----- Data supplied

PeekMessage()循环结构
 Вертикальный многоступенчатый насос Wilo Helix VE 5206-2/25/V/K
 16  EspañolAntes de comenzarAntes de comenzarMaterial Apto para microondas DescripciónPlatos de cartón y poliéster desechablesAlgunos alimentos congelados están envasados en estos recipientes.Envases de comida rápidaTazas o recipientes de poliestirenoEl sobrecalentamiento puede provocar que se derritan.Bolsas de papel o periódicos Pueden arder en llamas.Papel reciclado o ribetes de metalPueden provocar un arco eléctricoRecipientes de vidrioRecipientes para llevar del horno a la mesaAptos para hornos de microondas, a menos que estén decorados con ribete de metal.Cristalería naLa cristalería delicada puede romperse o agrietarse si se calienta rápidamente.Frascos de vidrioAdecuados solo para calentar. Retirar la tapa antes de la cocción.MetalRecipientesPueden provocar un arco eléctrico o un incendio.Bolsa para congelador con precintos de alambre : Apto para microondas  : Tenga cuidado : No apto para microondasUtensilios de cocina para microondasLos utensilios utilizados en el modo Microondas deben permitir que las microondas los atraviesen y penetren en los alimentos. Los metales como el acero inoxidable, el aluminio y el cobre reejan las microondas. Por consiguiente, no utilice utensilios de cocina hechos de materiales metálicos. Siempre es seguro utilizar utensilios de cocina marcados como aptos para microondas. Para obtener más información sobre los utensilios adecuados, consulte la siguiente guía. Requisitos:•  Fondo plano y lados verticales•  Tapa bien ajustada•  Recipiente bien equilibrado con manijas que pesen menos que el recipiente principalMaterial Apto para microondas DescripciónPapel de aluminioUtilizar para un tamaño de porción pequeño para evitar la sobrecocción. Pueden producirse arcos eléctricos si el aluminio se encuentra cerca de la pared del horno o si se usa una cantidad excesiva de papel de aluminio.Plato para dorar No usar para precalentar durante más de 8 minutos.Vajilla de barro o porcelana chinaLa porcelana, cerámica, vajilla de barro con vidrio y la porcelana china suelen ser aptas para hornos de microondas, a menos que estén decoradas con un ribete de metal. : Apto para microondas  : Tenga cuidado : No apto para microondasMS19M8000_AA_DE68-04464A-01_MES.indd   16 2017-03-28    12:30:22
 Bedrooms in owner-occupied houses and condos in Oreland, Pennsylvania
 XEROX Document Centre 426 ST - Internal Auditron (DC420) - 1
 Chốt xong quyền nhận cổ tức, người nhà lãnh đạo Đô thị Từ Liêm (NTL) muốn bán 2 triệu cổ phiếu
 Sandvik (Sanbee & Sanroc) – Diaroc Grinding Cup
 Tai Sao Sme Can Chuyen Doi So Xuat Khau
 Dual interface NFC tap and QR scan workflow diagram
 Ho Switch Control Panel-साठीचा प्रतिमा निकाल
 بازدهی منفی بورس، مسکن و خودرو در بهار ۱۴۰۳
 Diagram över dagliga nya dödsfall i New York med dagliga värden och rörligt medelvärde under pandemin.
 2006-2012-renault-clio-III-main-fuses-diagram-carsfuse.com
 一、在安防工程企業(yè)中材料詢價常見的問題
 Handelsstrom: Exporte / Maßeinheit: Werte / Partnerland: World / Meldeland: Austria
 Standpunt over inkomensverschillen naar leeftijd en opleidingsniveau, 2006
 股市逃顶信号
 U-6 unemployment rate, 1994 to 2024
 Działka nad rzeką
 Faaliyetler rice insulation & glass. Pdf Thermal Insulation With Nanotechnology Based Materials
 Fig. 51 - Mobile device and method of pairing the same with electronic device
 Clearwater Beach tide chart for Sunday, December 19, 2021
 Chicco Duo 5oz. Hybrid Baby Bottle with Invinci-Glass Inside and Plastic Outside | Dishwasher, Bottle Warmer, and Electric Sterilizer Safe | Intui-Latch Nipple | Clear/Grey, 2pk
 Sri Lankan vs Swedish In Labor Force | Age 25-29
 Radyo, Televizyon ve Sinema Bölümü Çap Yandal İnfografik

----------

Try it: Nothing but the lines from the one with "Chicco Duo 5oz." through the final line of the data above should be output, exactly as written.

Result of the exercise:
 Chicco Duo 5oz. Hybrid Baby Bottle with Invinci-Glass Inside and Plastic Outside | Dishwasher, Bottle Warmer, and Electric Sterilizer Safe | Intui-Latch Nipple | Clear/Grey, 2pk
 Sri Lankan vs Swedish In Labor Force | Age 25-29
 Radyo, Televizyon ve Sinema Bölümü Çap Yandal İnfografik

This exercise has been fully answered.